Laurence did not in the least like to form the subject of whispers, but he drearily knew her optimistic hopes to be ill-founded. No unforgivable remarks had been made but many unforgettable ones, a good number by himself, he was sorry to recall, and if they did not need for honor’s sake to avoid one another entirely, he felt they could hardly be on such terms of camaraderie as they had formerly known, ever again. He wondered if he was to blame, perhaps for continuing, too much, to think of Riley as his subordinate; if he had presumed too far on their relationship.
He went to sit with Temeraire as the ship made ready to weigh anchor: the familiar old shouts and exhortations strangely distant from him, and he felt a disconnect from the life of the ship such as he had never expected to know; almost as though he had never been a sailor at all.
“Look there, Laurence,” Temeraire said; south of the harbor, a small ragged knot of dragons could be seen winging away from the covert: towards Cherbourg, Laurence guessed, by their line of flight. His glass was not to hand, and they were little larger than a flock of birds at the distance, too far to make out their individual markings, but as they flew, one among them briefly fired out a small exuberant tongue of flame, yellow-orange-hot against the blue sky: Iskierka set out with a handful of the ferals, for the first time on a real patrol; the measure of the desperate circumstances which they left behind.
“Are we not leaving soon, Laurence?” Temeraire asked; he was painfully impatient to be under way. “If we would make better speed, I would be very happy to pull, at any time,” and he turned to look at Dulcia, presently lying in an uneasy sleep upon his back, coughing miserably every so often without even opening her eyes.
She and Lily, who lay with her head half-buried up to the bone spurs in a great wooden tub full of sand, were yet in much better state than the rest of the formation; poor Maximus had made the flight to the ship in easy short stages, and even so with much difficulty.

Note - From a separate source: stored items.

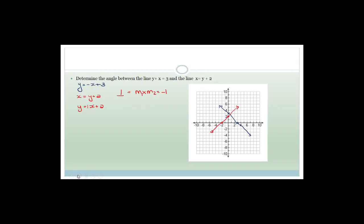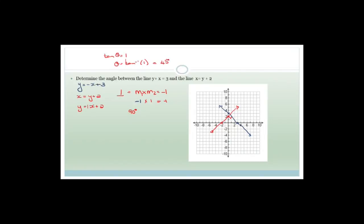The gradient of the blue line is minus 1 and the gradient of the red line is 1, so m1 times m2 = minus 1 times 1 = minus 1. Therefore the angle between these two lines is 90 degrees. You could also work out that tan theta = 1, so theta = arctan(1) = 45 degrees, and then 45 plus 45 gives 90 degrees. That's a nice easy question.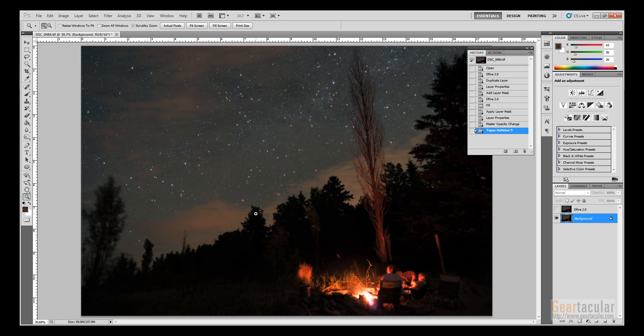So if I had to pick between the three plugins, I'd say in most cases I find that the Topaz Denoise works the best. It has a lot of fine-tuning options, but usually the presets work just fine.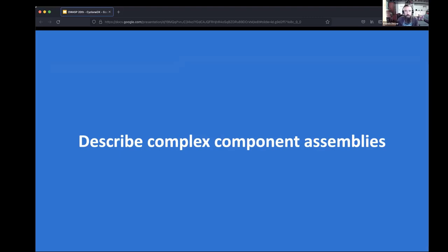Component assemblies is another supported use case, particularly for very complex assemblies. Going back to the food label analogy, software isn't just a flat list of ingredients. A better analogy is a dashboard in a car: within the dash you have an instrument cluster; within that cluster you have a speedometer; within that speedometer you have LEDs, capacitors, and so on — nested component assemblies with different suppliers and authors.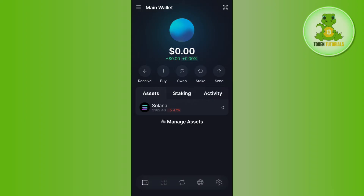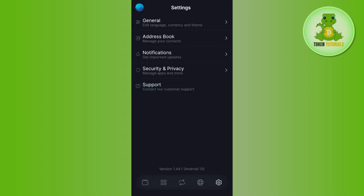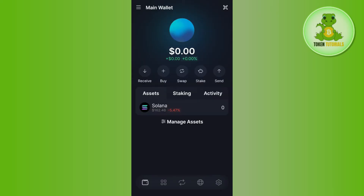Here you will be able to see various options like receive, buy, swap, stake, and send. If you tap on the gear icon in the bottom right-hand corner of the screen, unfortunately you will not be able to see any options that would allow you to directly withdraw your money from Solflare wallet to your bank account.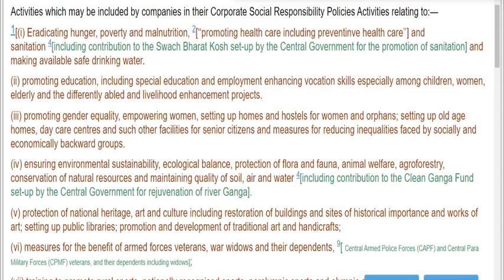Hello friends, today in this video we shall discuss various CSR activities which have been described in Schedule 7 of Companies Act. Let's see what these are.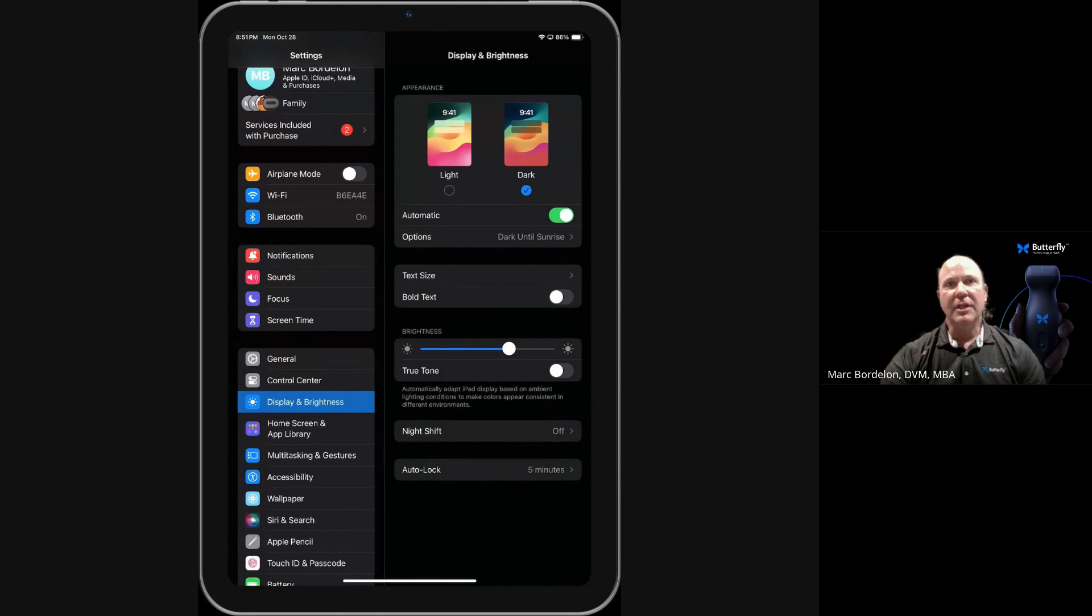Those are the two settings you need on any iOS device to help optimize an image when using the Butterfly app.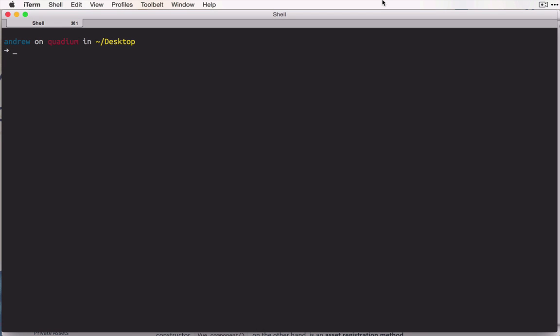We're going to start by writing the server-side code for our applications, and this is because we're going to use the exact same server-side code in all of our applications. So I'm here in the terminal, and let's go ahead and make a directory that we'll just call template. This will be the project template which will hold our server-side code, which we can then copy for each one of our applications.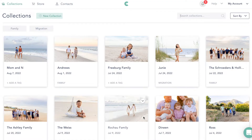Hey, y'all. So if you watched my live in my group, you know that I switched from Pass Gallery over to CloudSpot. There are a million reasons why I switched to CloudSpot, but if I really break it down, the biggest one is because of user friendliness — not only is it easier for me on the back end, but it's also easier for my clients as well.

He had been given all the far side of the dragondeck and was sleeping there already, heedless of the furious bustle around him as the last of the preparations to launch them commenced. Nitidus lay sprawled in exhaustion tucked against Maximus’s side, where once the Pascal’s Blue would have lain comfortably on his back, and Immortalis and Messoria, huddled to either side of Lily in the middle of the deck, were grown a sort of pale lemon yellow like milk custard.
“I could drag up the anchors in a trice, I am sure, much quicker,” Temeraire added. The topmasts had been sent up, and the yards, and they were warping up to the kedge: fully four hundred men or more could heave on the massive quadruple-capstan at once, and all of them would be needed to bring up the massive weight of the best bower. The sailors on deck were most of them already stripped to the waist, despite the cold morning, to get about it; Temeraire certainly could have provided material aid, but Laurence was under no illusion how such an offer would presently be received.
“We would only be in the way,” he said; “they will manage quicker without us.” He laid his hand on Temeraire’s side, looking away from the labor in which they could have no part, to the open ocean ahead.